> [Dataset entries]
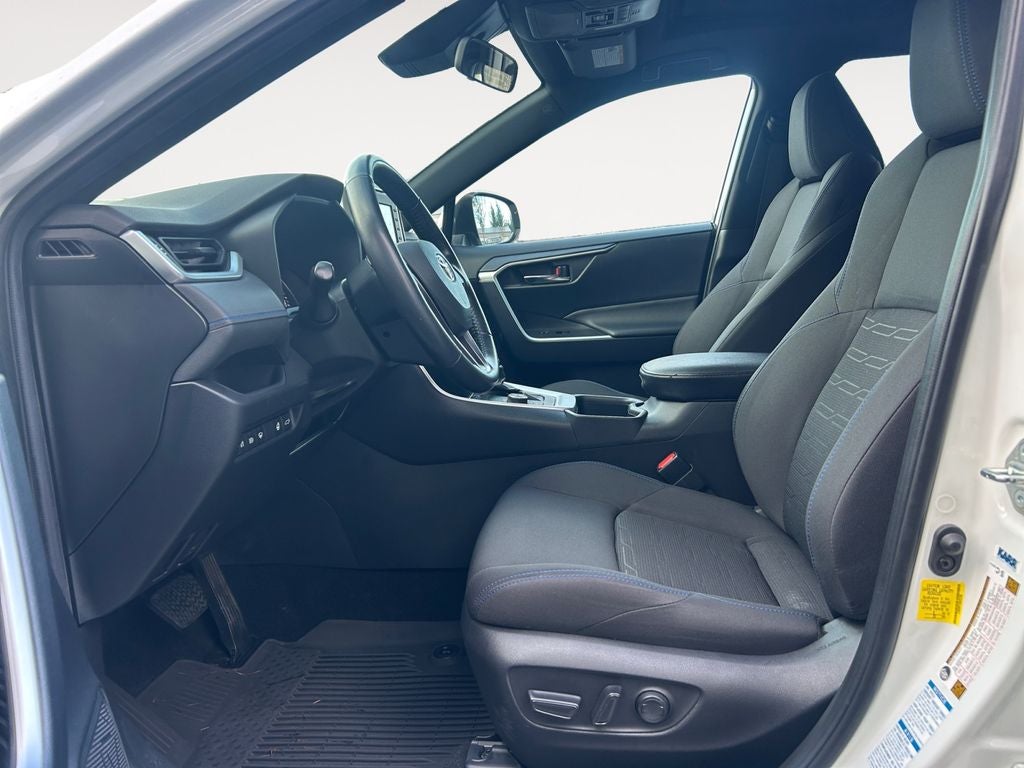 2022 Toyota RAV4 Hybrid SE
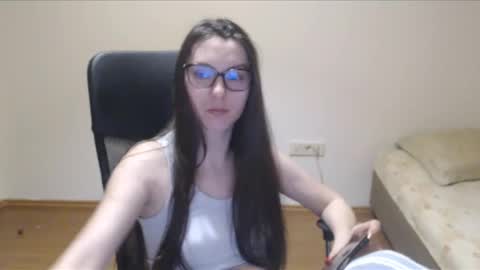 Vivian Gray online show from February 13, 1:08 am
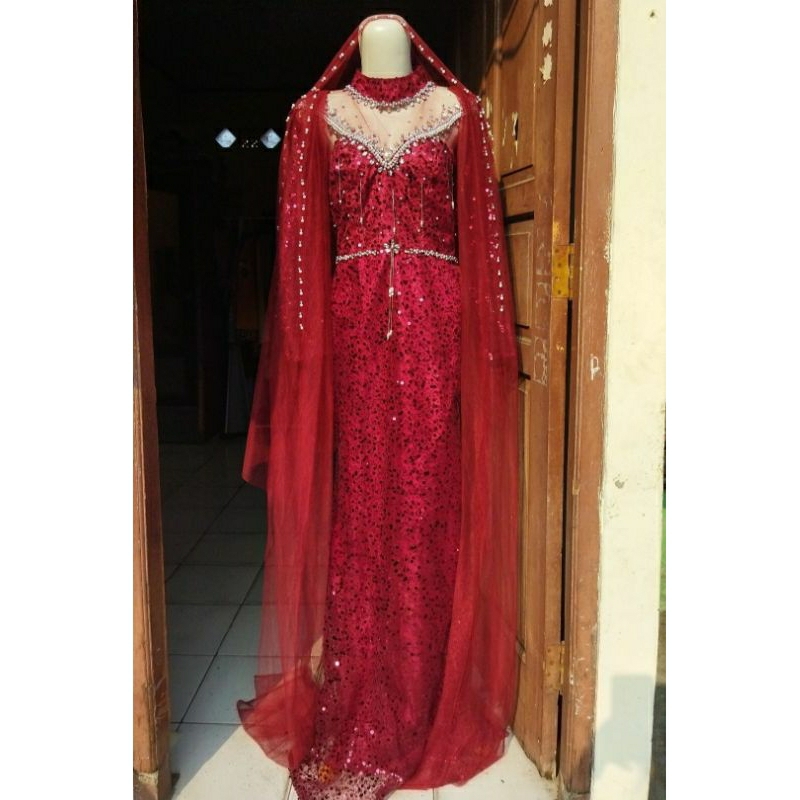 gaun slim pengantin maroon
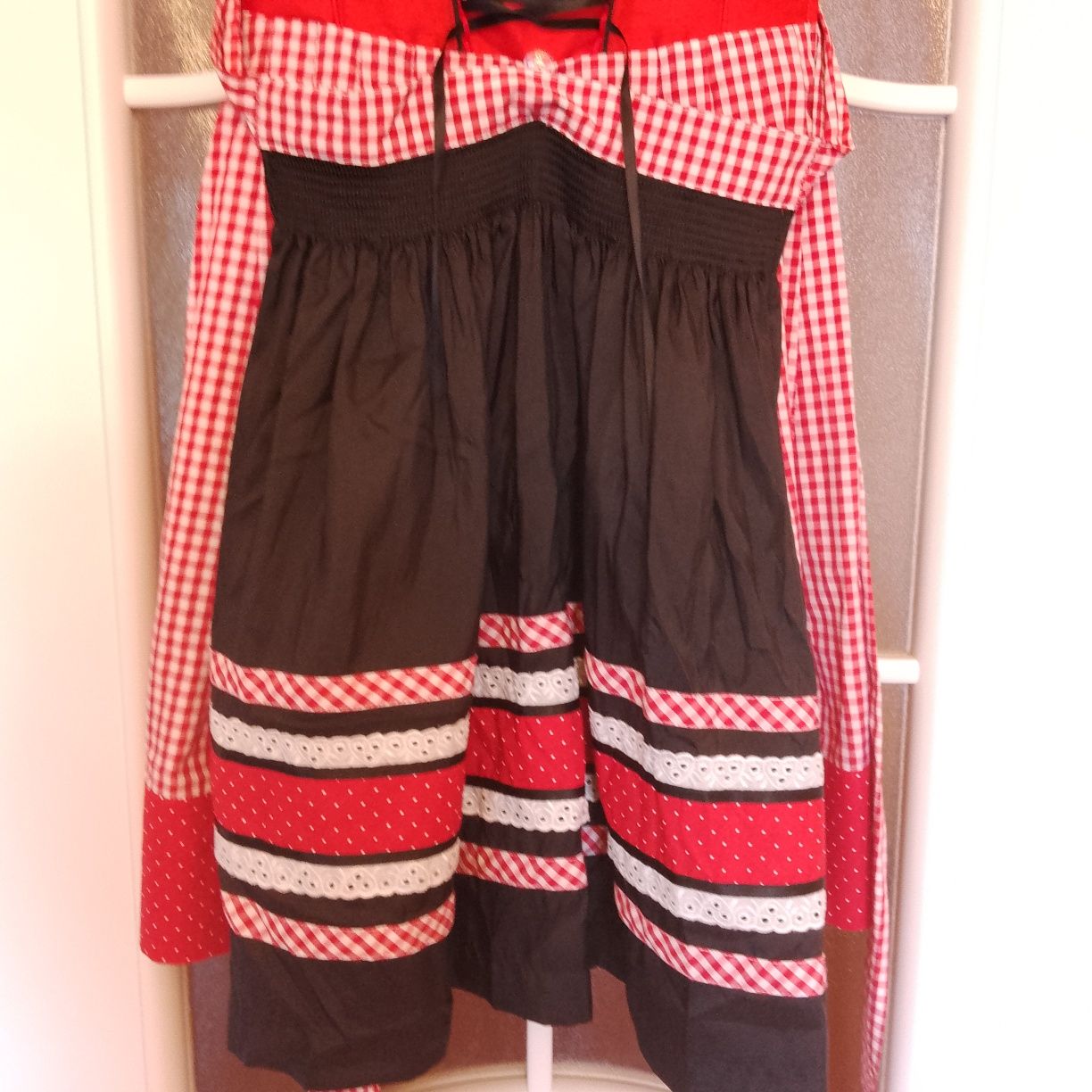 Dirndl marime 32 model deosebit transport gratuit 1 mai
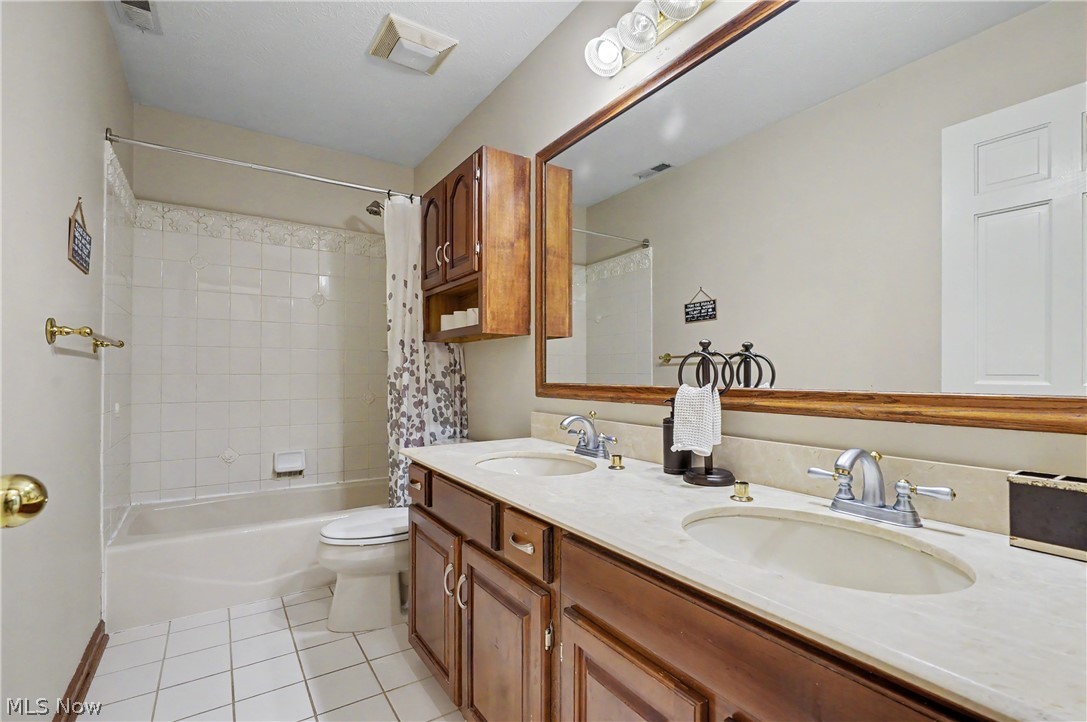 1295 Connecticut Woods Drive Hudson OH 44236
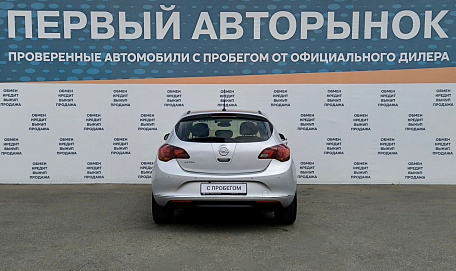 Opel , 2013г., передний привод, механика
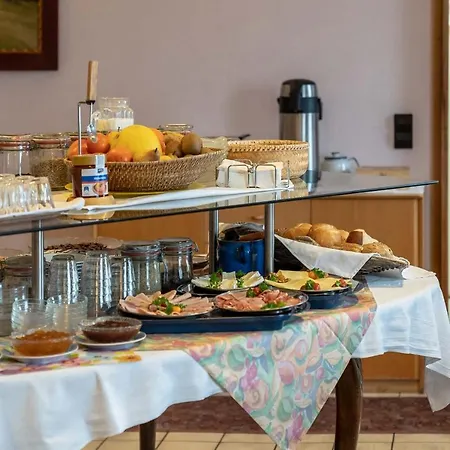 Enjoyhotel Garni Stuttgart Parkplatz Sprinter Penny Etank 2*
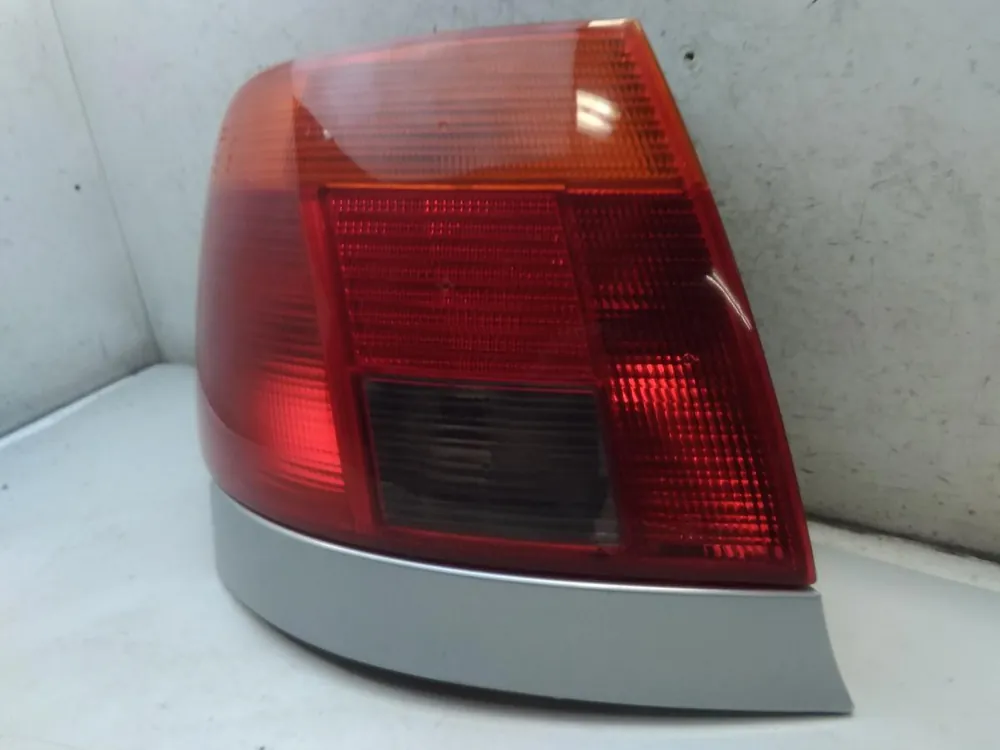 Scheinwerfer, Leuchten gebraucht AUDI A4/S4 LIM/AVANT (B5) Baujahr 1996 Angebot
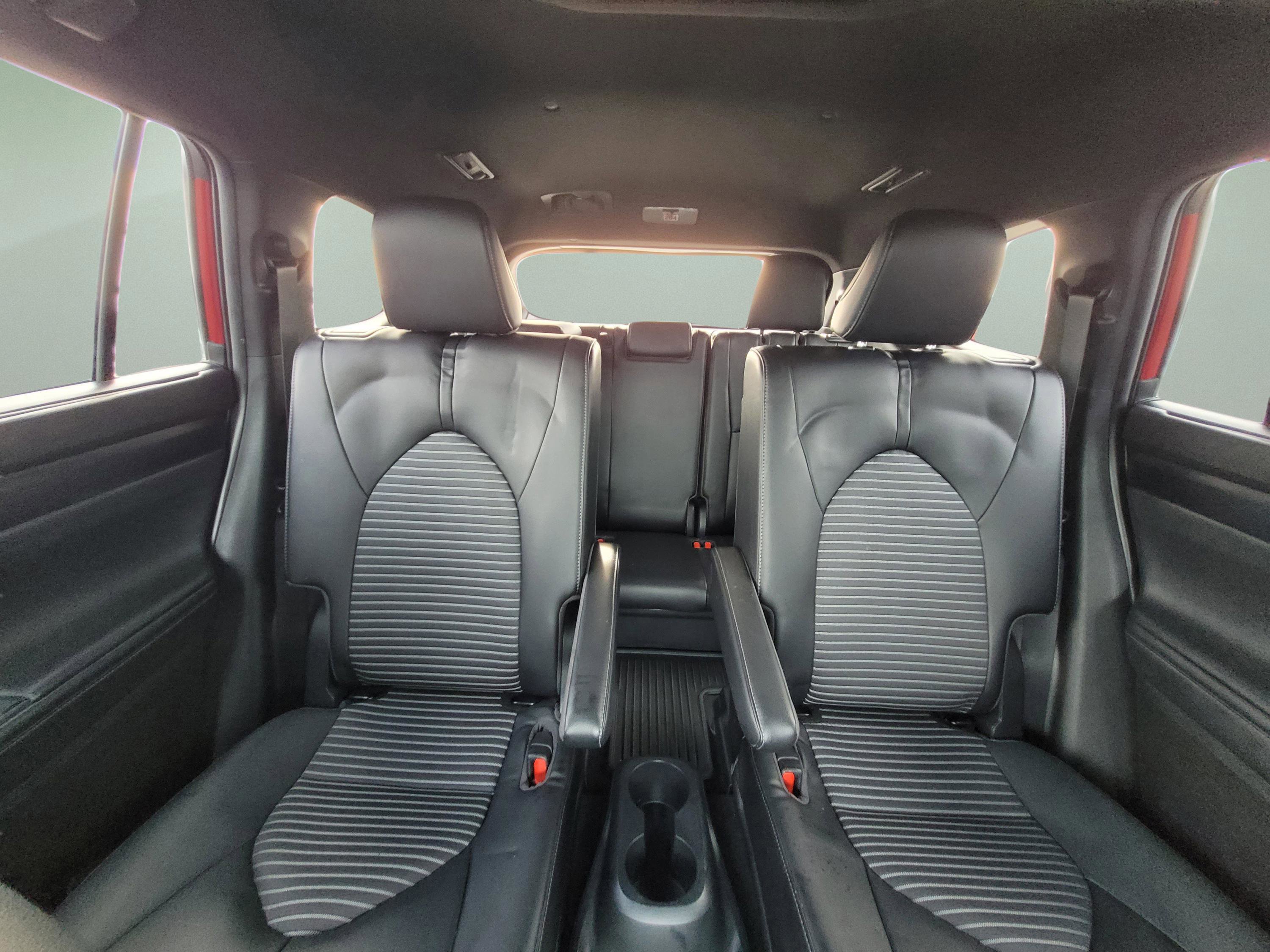 Used 2022 Toyota Highlander XSE image 25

> [What is required] Please give the entries again word for word, without any pictures.

> [Task result]
 2022 Toyota RAV4 Hybrid SE
 Vivian Gray online show from February 13, 1:08 am
 gaun slim pengantin maroon
 Dirndl marime 32 model deosebit transport gratuit 1 mai
 1295 Connecticut Woods Drive Hudson OH 44236
 Opel , 2013г., передний привод, механика
 Enjoyhotel Garni Stuttgart Parkplatz Sprinter Penny Etank 2*
 Scheinwerfer, Leuchten gebraucht AUDI A4/S4 LIM/AVANT (B5) Baujahr 1996 Angebot
 Used 2022 Toyota Highlander XSE image 25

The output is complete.